◆ **Problem to solve**
Two lines below mark the span: the one containing "2x vintage cast" and the one containing "Eine Gruppe von". Set down both, plus every line between, exactly as they stand, and nothing else.

◆ **Provided data**
——————
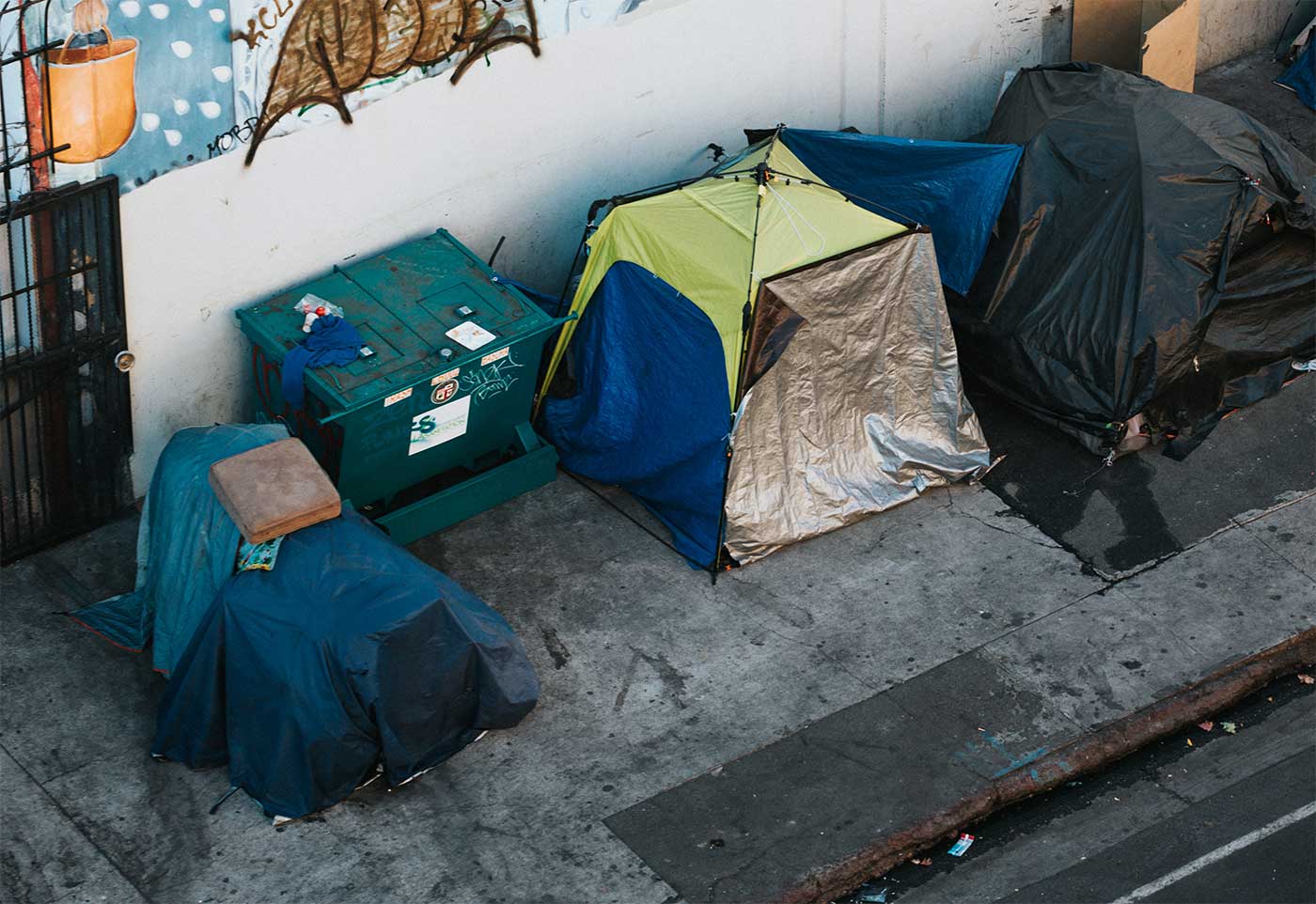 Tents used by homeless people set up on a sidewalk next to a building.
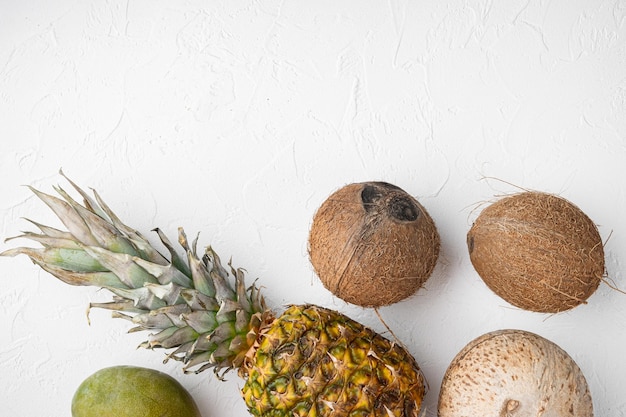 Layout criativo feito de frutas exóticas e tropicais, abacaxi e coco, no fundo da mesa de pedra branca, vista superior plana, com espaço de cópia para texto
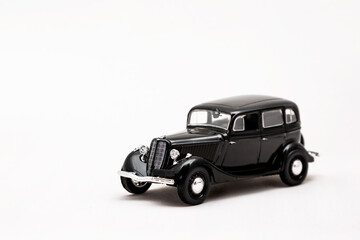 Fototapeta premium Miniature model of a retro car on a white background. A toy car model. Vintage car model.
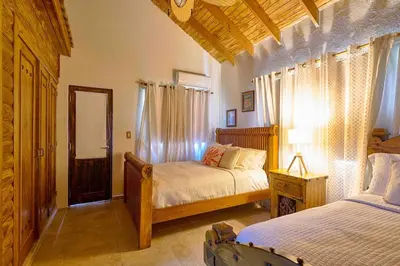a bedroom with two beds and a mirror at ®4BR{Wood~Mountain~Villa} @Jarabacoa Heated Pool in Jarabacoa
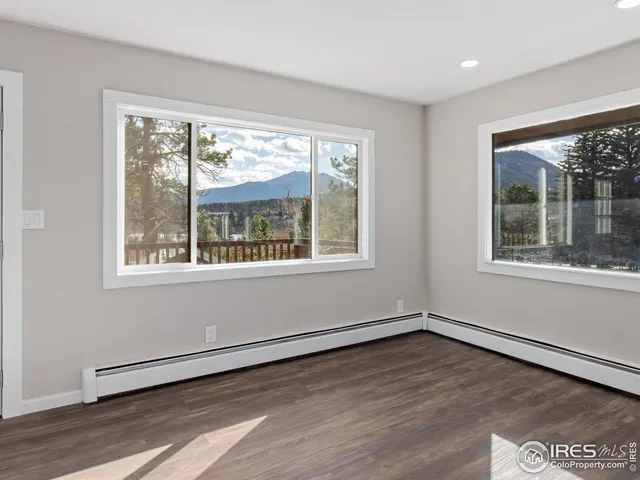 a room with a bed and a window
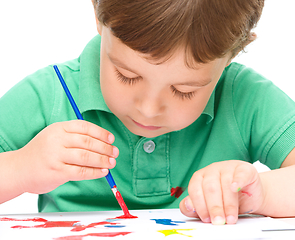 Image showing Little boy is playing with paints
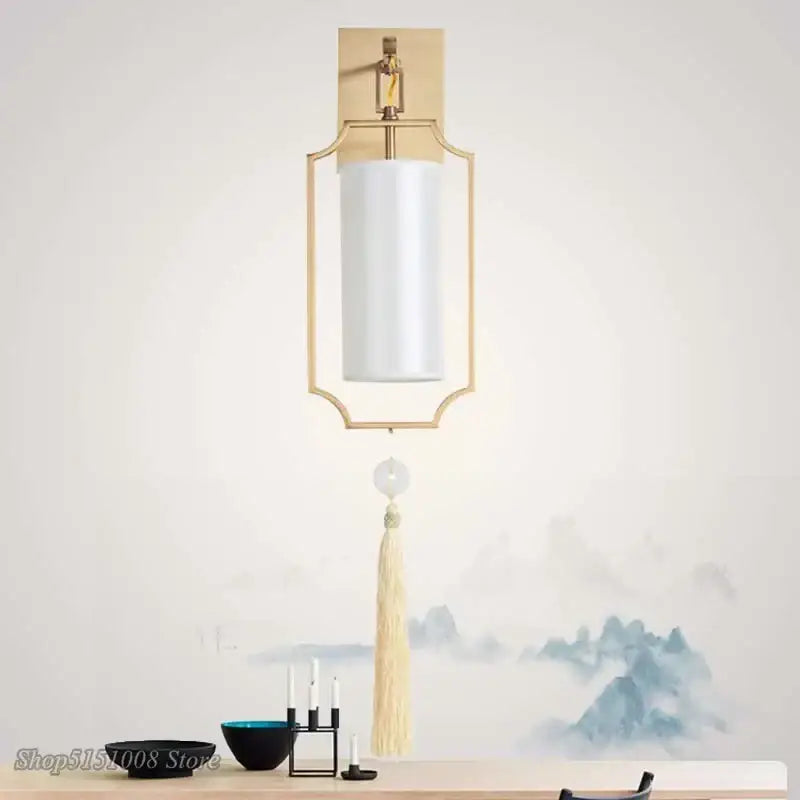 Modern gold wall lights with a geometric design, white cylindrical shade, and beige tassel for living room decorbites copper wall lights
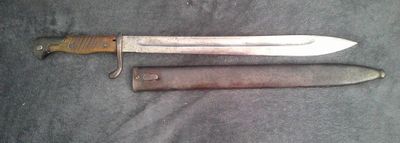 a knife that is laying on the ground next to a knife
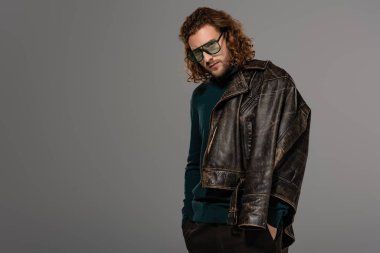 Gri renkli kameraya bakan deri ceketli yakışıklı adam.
——————
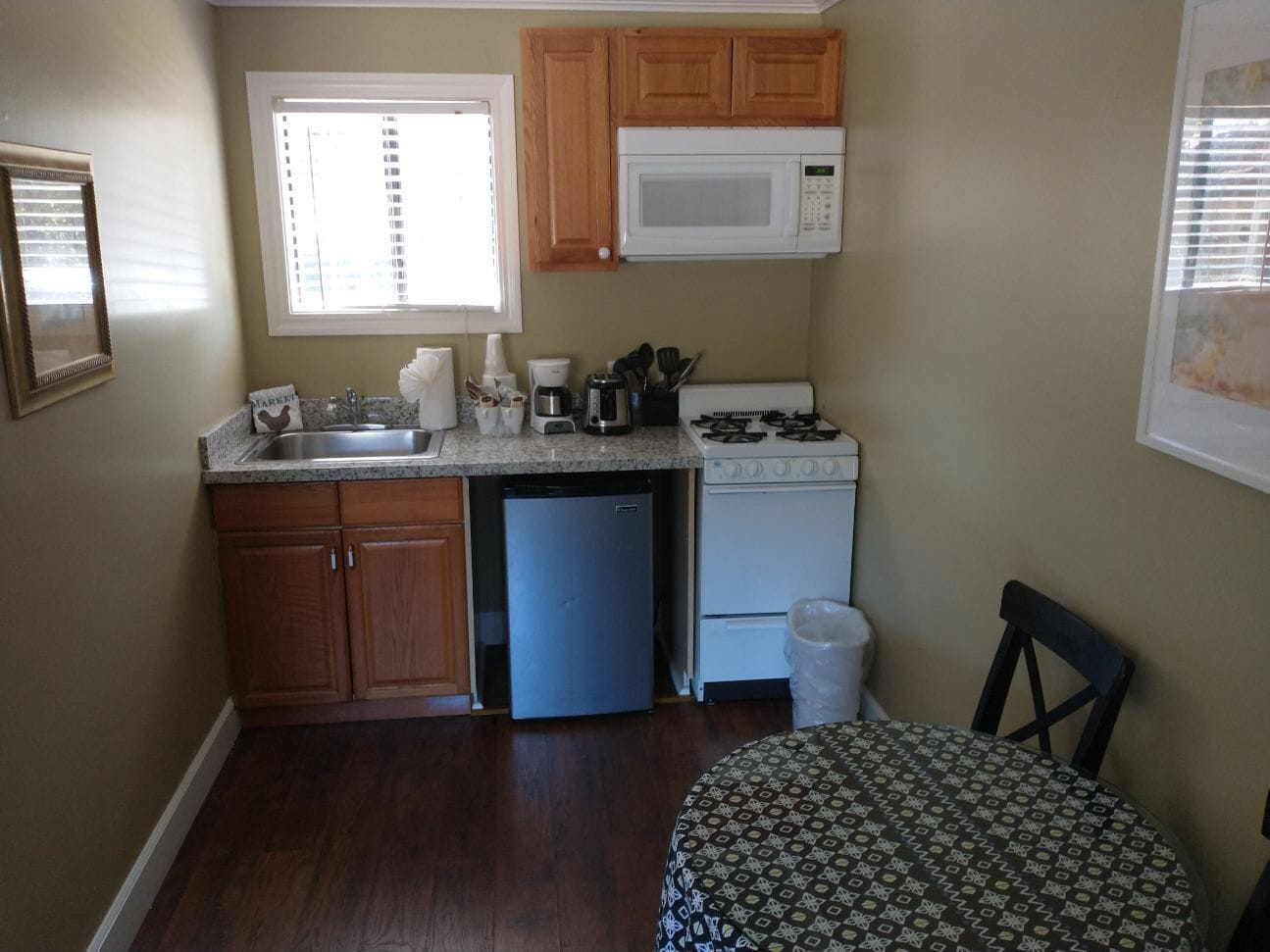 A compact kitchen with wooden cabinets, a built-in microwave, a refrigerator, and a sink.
——————
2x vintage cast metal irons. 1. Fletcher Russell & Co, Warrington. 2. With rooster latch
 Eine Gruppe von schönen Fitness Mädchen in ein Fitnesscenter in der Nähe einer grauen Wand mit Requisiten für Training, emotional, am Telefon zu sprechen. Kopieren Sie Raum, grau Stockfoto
——————
◆ **Result of this task**
2x vintage cast metal irons. 1. Fletcher Russell & Co, Warrington. 2. With rooster latch
 Eine Gruppe von schönen Fitness Mädchen in ein Fitnesscenter in der Nähe einer grauen Wand mit Requisiten für Training, emotional, am Telefon zu sprechen. Kopieren Sie Raum, grau Stockfoto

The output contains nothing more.